1. 技术发展顺序
bag of words >> learnable bag of words with manual designed features == VLAD
VLAD >> learnable features == netVLAD
netVLAD >> learnable PointCloud features == pointNetVLAD (CVPR2018)
pointNetVLAD >> a module Robust Relocation System
2. 应用
BOW用于视觉SLAM重定位已经非常经典了, 如果
1. 特征可学习
2. cluster center 可学习
3. 激光数据可学习出描述子,(一天中 变化光照场景无影响,且数据量少)
那这就是为基于激光slam的移动机器人设计的回环检测模块(此模块技术一直学术工程上没有很好解决)
3 坑
但不能说激光回环已经得到解决了,笔者从实际工作出发,提出三点可能的坑:
1. flexible pointnet:
backbone net要经过反复的调试以适应场景,硬件的限制。大部分pointnet的实现都是照搬Charles Qi的原版,如下代码所示。把网络维度写死。类比港科沈老师组最新的vins kidnaped, 它们根据netVLAD进行了轻量化调优。pointNetVLAD能在机器人上跑,这个调优工作量是免不了的。工作需要时间堆出来。

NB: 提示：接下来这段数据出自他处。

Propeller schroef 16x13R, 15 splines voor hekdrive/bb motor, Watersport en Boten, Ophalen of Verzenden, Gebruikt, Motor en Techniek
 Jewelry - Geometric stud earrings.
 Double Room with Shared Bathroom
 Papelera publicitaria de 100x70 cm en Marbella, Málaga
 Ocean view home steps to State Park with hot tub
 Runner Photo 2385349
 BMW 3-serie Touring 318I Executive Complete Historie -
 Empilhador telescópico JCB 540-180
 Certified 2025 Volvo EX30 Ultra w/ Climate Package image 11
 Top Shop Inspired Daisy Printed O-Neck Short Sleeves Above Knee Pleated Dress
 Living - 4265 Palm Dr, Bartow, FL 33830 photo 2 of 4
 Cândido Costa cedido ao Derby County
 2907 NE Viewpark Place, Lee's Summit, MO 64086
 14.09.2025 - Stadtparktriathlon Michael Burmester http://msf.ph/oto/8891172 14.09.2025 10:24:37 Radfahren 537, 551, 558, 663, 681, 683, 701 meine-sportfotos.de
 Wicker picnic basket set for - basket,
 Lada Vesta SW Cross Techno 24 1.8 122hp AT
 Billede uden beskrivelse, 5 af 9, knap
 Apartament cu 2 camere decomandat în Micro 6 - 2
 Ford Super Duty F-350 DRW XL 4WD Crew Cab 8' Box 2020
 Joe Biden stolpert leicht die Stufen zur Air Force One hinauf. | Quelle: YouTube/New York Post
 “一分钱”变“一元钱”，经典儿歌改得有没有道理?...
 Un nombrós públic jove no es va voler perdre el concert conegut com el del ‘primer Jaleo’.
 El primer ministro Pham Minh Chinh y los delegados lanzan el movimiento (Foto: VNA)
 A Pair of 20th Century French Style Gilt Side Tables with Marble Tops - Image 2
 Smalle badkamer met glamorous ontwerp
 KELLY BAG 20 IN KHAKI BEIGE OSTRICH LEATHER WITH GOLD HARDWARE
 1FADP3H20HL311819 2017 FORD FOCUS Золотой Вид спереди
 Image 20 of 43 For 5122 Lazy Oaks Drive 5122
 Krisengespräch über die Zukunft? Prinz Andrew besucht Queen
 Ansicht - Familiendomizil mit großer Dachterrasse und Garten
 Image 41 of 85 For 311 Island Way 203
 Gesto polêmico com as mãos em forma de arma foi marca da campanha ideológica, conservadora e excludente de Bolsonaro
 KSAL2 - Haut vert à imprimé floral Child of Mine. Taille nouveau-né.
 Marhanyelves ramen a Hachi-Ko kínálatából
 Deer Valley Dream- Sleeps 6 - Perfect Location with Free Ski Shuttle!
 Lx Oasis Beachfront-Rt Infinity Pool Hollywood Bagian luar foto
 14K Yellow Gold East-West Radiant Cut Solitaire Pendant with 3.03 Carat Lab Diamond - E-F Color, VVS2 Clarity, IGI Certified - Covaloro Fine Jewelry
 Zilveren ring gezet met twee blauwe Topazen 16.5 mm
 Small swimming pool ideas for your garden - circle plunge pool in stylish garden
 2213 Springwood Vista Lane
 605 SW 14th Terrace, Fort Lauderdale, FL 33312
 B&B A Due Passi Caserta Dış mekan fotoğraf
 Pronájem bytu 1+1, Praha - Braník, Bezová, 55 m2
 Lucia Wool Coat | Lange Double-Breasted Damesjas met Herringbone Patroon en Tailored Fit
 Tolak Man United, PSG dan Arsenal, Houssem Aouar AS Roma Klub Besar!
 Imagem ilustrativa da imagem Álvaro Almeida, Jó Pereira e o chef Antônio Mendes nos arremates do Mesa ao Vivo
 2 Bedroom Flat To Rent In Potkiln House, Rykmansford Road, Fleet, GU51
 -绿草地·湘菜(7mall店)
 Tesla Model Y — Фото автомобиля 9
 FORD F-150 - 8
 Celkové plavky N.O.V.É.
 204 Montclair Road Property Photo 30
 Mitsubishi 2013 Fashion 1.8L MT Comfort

def forward(point_cloud, is_training, bn_decay=None):
"""PointNetVLAD, INPUT is batch_num_queries X num_pointclouds_per_query X num_points_per_pointcloud X 3,
OUTPUT batch_num_queries X num_pointclouds_per_query X output_dim """
batch_num_queries = point_cloud.get_shape()[0].value
num_pointclouds_per_query = point_cloud.get_shape()[1].value
num_points = point_cloud.get_shape()[2].value
CLUSTER_SIZE=64
OUTPUT_DIM=256
point_cloud = tf.reshape(point_cloud, [batch_num_queries*num_pointclouds_per_query, num_points,3])
with tf.variable_scope('transform_net1') as sc:
input_transform = input_transform_net(point_cloud, is_training, bn_decay, K=3)
point_cloud_transformed = tf.matmul(point_cloud, input_transform)
input_image = tf.expand_dims(point_cloud_transformed, -1)
net = tf_util.conv2d(input_image, 64, [1,3],
padding='VALID', stride=[1,1],
is_training=is_training,
scope='conv1', bn_decay=bn_decay)
net = tf_util.conv2d(net, 64, [1,1],
padding='VALID', stride=[1,1],
is_training=is_training,
scope='conv2', bn_decay=bn_decay)
with tf.variable_scope('transform_net2') as sc:
feature_transform = feature_transform_net(net, is_training, bn_decay, K=64)
net_transformed = tf.matmul(tf.squeeze(net, axis=[2]), feature_transform)
net_transformed = tf.expand_dims(net_transformed, [2])
net = tf_util.conv2d(net_transformed, 64, [1,1],